Posted on 05/25/2005 3:41:22 AM PDT by billorites

Science feeds on mystery. As my colleague Matt Ridley has put it: “Most scientists are bored by what they have already discovered. It is ignorance that drives them on.” Science mines ignorance. Mystery — that which we don’t yet know; that which we don’t yet understand — is the mother lode that scientists seek out. Mystics exult in mystery and want it to stay mysterious. Scientists exult in mystery for a very different reason: it gives them something to do.

Admissions of ignorance and mystification are vital to good science. It is therefore galling, to say the least, when enemies of science turn those constructive admissions around and abuse them for political advantage. Worse, it threatens the enterprise of science itself. This is exactly the effect that creationism or “intelligent design theory” (ID) is having, especially because its propagandists are slick, superficially plausible and, above all, well financed. ID, by the way, is not a new form of creationism. It simply is creationism disguised, for political reasons, under a new name.

It isn’t even safe for a scientist to express temporary doubt as a rhetorical device before going on to dispel it.

“To suppose that the eye with all its inimitable contrivances for adjusting the focus to different distances, for admitting different amounts of light, and for the correction of spherical and chromatic aberration, could have been formed by natural selection, seems, I freely confess, absurd in the highest degree.” You will find this sentence of Charles Darwin quoted again and again by creationists. They never quote what follows. Darwin immediately went on to confound his initial incredulity. Others have built on his foundation, and the eye is today a showpiece of the gradual, cumulative evolution of an almost perfect illusion of design. The relevant chapter of my Climbing Mount Improbable is called “The fortyfold Path to Enlightenment” in honour of the fact that, far from being difficult to evolve, the eye has evolved at least 40 times independently around the animal kingdom.

The distinguished Harvard geneticist Richard Lewontin is widely quoted as saying that organisms “appear to have been carefully and artfully designed”. Again, this was a rhetorical preliminary to explaining how the powerful illusion of design actually comes about by natural selection. The isolated quotation strips out the implied emphasis on “appear to”, leaving exactly what a simple-mindedly pious audience — in Kansas, for instance — wants to hear.
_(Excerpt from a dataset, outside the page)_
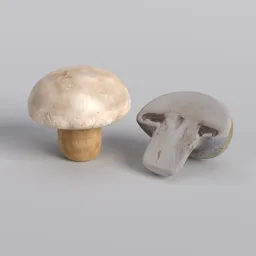 White mushroom set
The deceitful misquoting of scientists to suit an anti-scientific agenda ranks among the many unchristian habits of fundamentalist authors. But such Telling Lies for God (the book title of the splendidly pugnacious Australian geologist Ian Plimer) is not the most serious problem. There is a more important point to be made, and it goes right to the philosophical heart of creationism.

The standard methodology of creationists is to find some phenomenon in nature which Darwinism cannot readily explain. Darwin said: “If it could be demonstrated that any complex organ existed which could not possibly have been formed by numerous, successive, slight modifications, my theory would absolutely break down.” Creationists mine ignorance and uncertainty in order to abuse his challenge. “Bet you can’t tell me how the elbow joint of the lesser spotted weasel frog evolved by slow gradual degrees?” If the scientist fails to give an immediate and comprehensive answer, a default conclusion is drawn: “Right, then, the alternative theory; ‘intelligent design’ wins by default.”
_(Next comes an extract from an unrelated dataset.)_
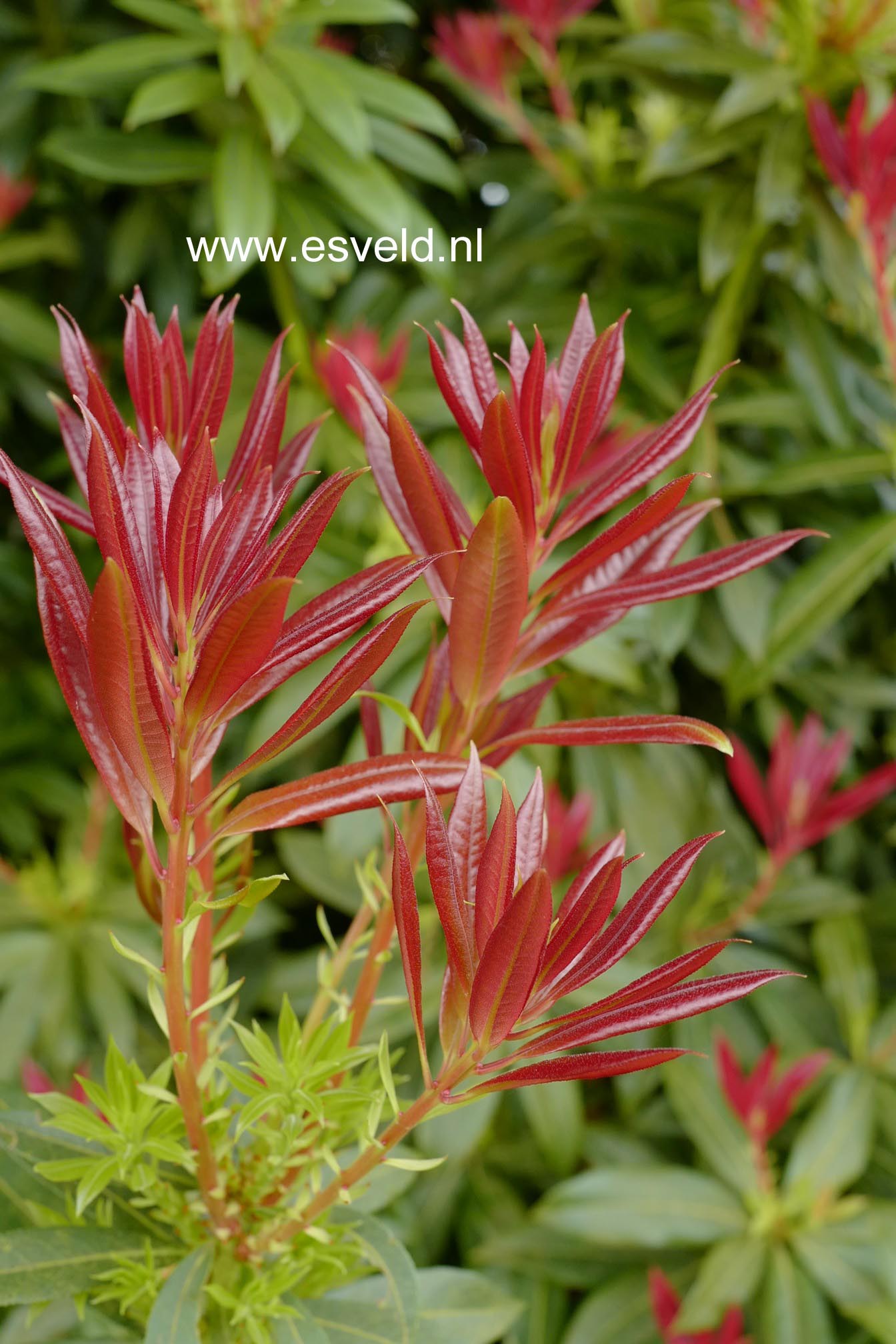 Pieris formosa 'Wakehurst'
Notice the biased logic: if theory A fails in some particular, theory B must be right! Notice, too, how the creationist ploy undermines the scientist’s rejoicing in uncertainty. Today’s scientist in America dare not say: “Hm, interesting point. I wonder how the weasel frog’s ancestors did evolve their elbow joint. I’ll have to go to the university library and take a look.” No, the moment a scientist said something like that the default conclusion would become a headline in a creationist pamphlet: “Weasel frog could only have been designed by God.”
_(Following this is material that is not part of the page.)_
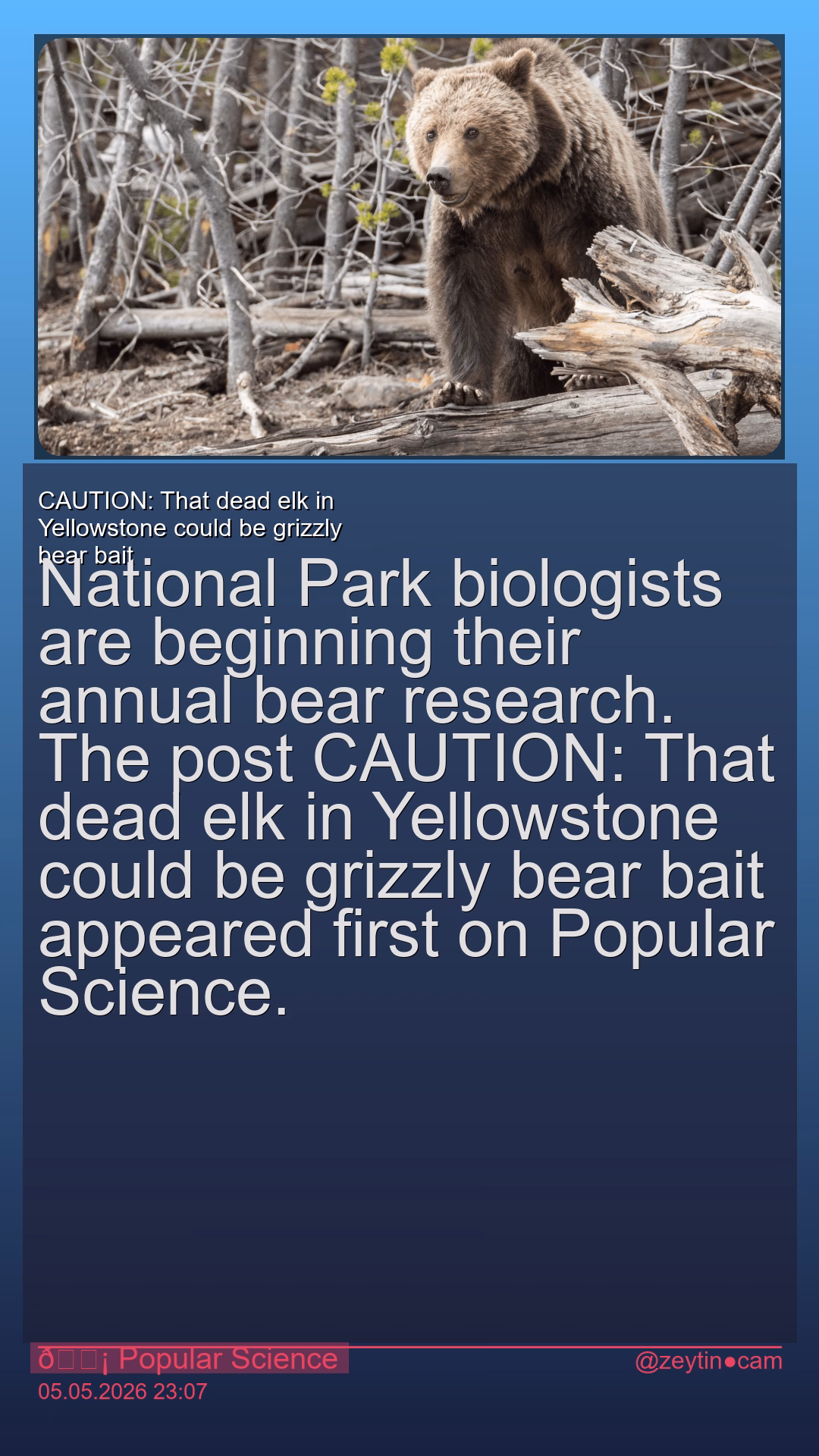 CAUTION: That dead elk in Yellowstone could be grizzly bear bait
I once introduced a chapter on the so-called Cambrian Explosion with the words: “It is as though the fossils were planted there without any evolutionary history.” Again, this was a rhetorical overture, intended to whet the reader’s appetite for the explanation. Inevitably, my remark was gleefully quoted out of context. Creationists adore “gaps” in the fossil record.

Many evolutionary transitions are elegantly documented by more or less continuous series of changing intermediate fossils. Some are not, and these are the famous “gaps”. Michael Shermer has wittily pointed out that if a new fossil discovery neatly bisects a “gap”, the creationist will declare that there are now two gaps! Note yet again the use of a default. If there are no fossils to document a postulated evolutionary transition, the assumption is that there was no evolutionary transition: God must have intervened.

The creationists’ fondness for “gaps” in the fossil record is a metaphor for their love of gaps in knowledge generally. Gaps, by default, are filled by God. You don’t know how the nerve impulse works? Good! You don’t understand how memories are laid down in the brain? Excellent! Is photosynthesis a bafflingly complex process? Wonderful! Please don’t go to work on the problem, just give up, and appeal to God. Dear scientist, don’t work on your mysteries. Bring us your mysteries for we can use them. Don’t squander precious ignorance by researching it away. Ignorance is God’s gift to Kansas.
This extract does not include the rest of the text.